A agência traça outra "alternativa de prosseguimento", que envolveria a CGU (Controladoria-Geral da União), o Serpro (Serviço Federal de Processamento de Dados) e a AGU (Advocacia-Geral da União). O objetivo, em resumo, é fazer com que a AGU e a CGU ajuízem a ação. O relatório destaca que os dois órgãos estão sob comando do Poder Executivo.

Ainda segundo a revista Época, o outro relatório traça uma "manobra tripla" para tentar conseguir os documentos que a defesa espera. As ações são bem detalhadas e envolvem até a recomendação de "tomar um cafezinho" com José Tostes Neto, chefe da Receita Federal. Nesta primeira ação, o objetivo é informar que a defesa ajuizará uma ação importante no processo.

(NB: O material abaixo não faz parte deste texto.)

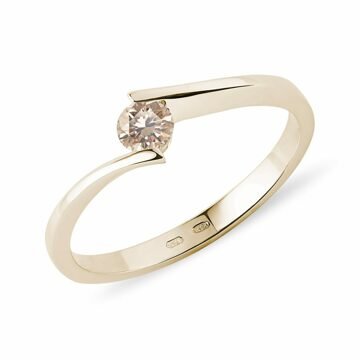 Spirálovitý prsten ze žlutého zlata s champagne diamantem KLENOTA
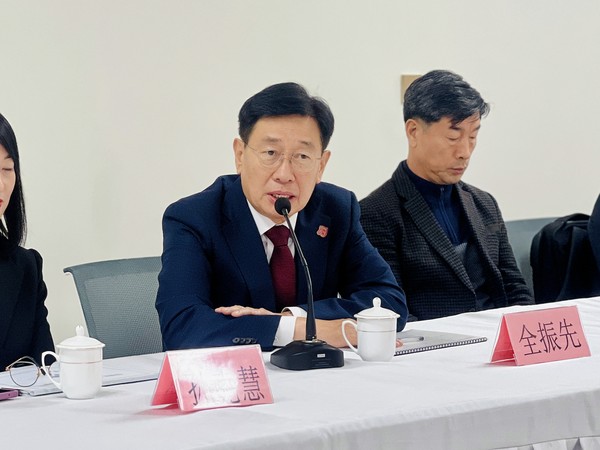 ▲ 조장시 라이브커머스 창업센터 방문한 전진선 양평군수.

Em seguida, o relatório da Abin sugere que a defesa peticione ao chefe do Serpro o fornecimento de uma apuração especial sobre os dados da Receita, baseando-se na Lei de Acesso à Informação. A defesa de Flávio Bolsonaro realmente fez isso.

Por fim, o segundo relatório sugeriu a demissão de servidores, "três elementos-chave dentro do grupo criminoso da RF", que "devem ser afastados in continenti". Um deles é Christiano Paes, que pediu exoneração na semana passada.

Alexandre Ramagem chegou a ser nomeado por Jair Bolsonaro para a diretoria-geral da Polícia Federal, em abril, mas o STF (Supremo Tribunal Federal) suspendeu a nomeação.

A decisão do ministro Alexandre de Moraes se baseou, principalmente, nas afirmações de Bolsonaro de que pretendia usar a PF, um órgão de investigação, como produtor de informações para suas tomadas de decisão.